Simple logic being that they could re-lend the repaid balance at much higher rates, so they might be willing to offer a discount (say 10-15%) to redeem a tracker.  

Curious.


----------



## jhegarty (3 Jul 2020)

PSTB offered 10% off for extra payments back in 2011. But not since.


----------



## Brendan Burgess (3 Jul 2020)

The same question is asked frequently on Askaboutmoney and the answer is always the same.

Banks are not paying for people to redeem their trackers early. 

In some cases, vulture funds will do deals with people in deep arrears and negative equity, whether they have tracker mortgages or market rate mortgages.

Brendan


----------



## NoRegretsCoyote (3 Jul 2020)

It's adverse selection in reverse.

If you have the funds to cut a deal you have the funds to repay mortgage. So banks will hold you to your contractual obligations.
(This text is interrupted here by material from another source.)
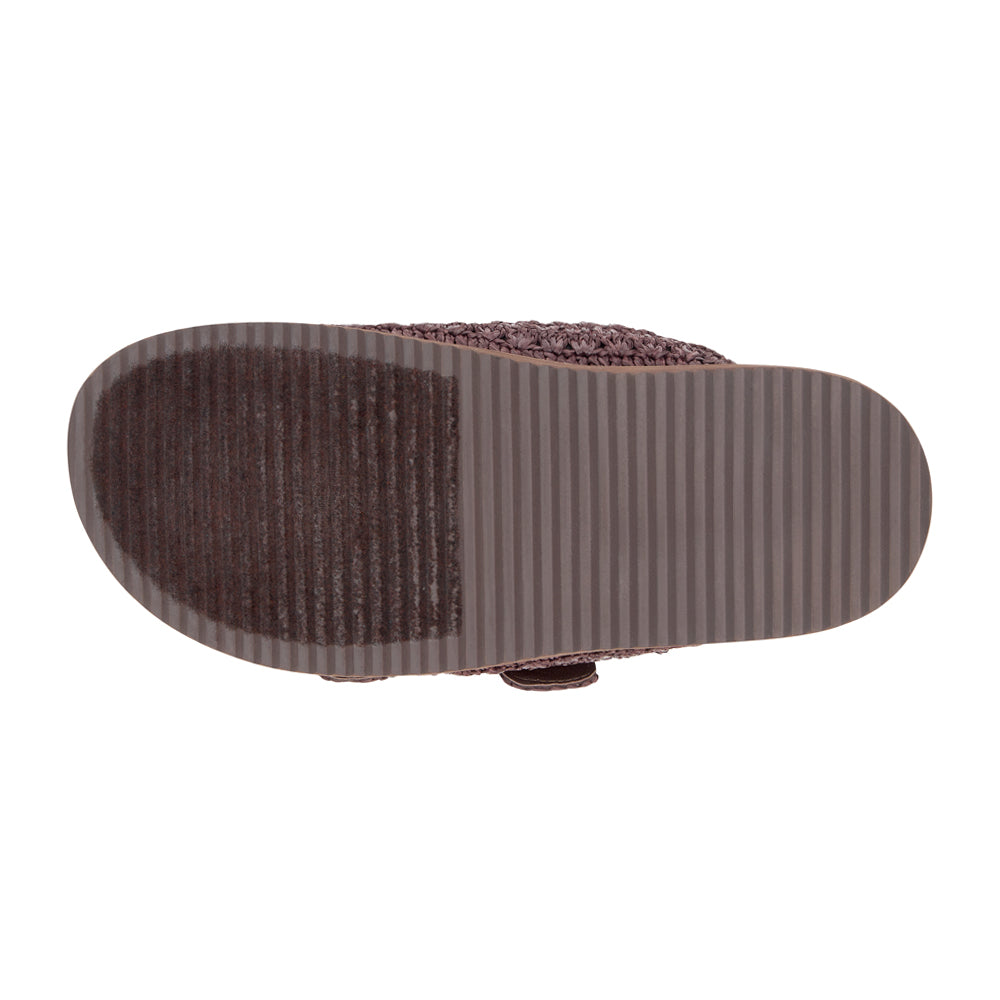 Posey Footbed Slide Sandals、mySite、gtrtttuynbv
A colleague of mine tried this as long ago as 2013 I think and had no luck. That was when banks' cost of funds were much higher than they are now, and even performing trackers were structurally loss making.


----------



## RedRed (3 Jul 2020)

Brendan Burgess said:


> The same question is asked frequently on Askaboutmoney and the answer is always the same.
> 
> Banks are not paying for people to redeem their trackers early.
> 
> ...



thanks Brendan. This is not a situation of negative equity or arrears, but appreciate your feedback. Using a bond pricing analogy, one might have expected a loan asset issued at sub-1% to trade at a discount from the bank’s perspective, relative to a market rate loan. But I guess my logic only holds true if the banks are actually limited in their access to capital to issue loans. If they were, then it would be smart business sense for them to prioritize higher rate loans, than my tracker.


----------



## jhegarty (14 Aug 2020)

Just to confirm on this.  Payed off my (+1.1%) PTSB tracker this week. No discount , infact they added €27.48  for the interest in the days since the last payment.


----------



## Itchy (15 Aug 2020)

jhegarty said:


> Just to confirm on this.  Payed off my (+1.1%) PTSB tracker this week. No discount , infact they added €27.48  for the interest in the days since the last payment.



The state has a 75% interest in that €27 so thank you for your diligence! And congrats!


----------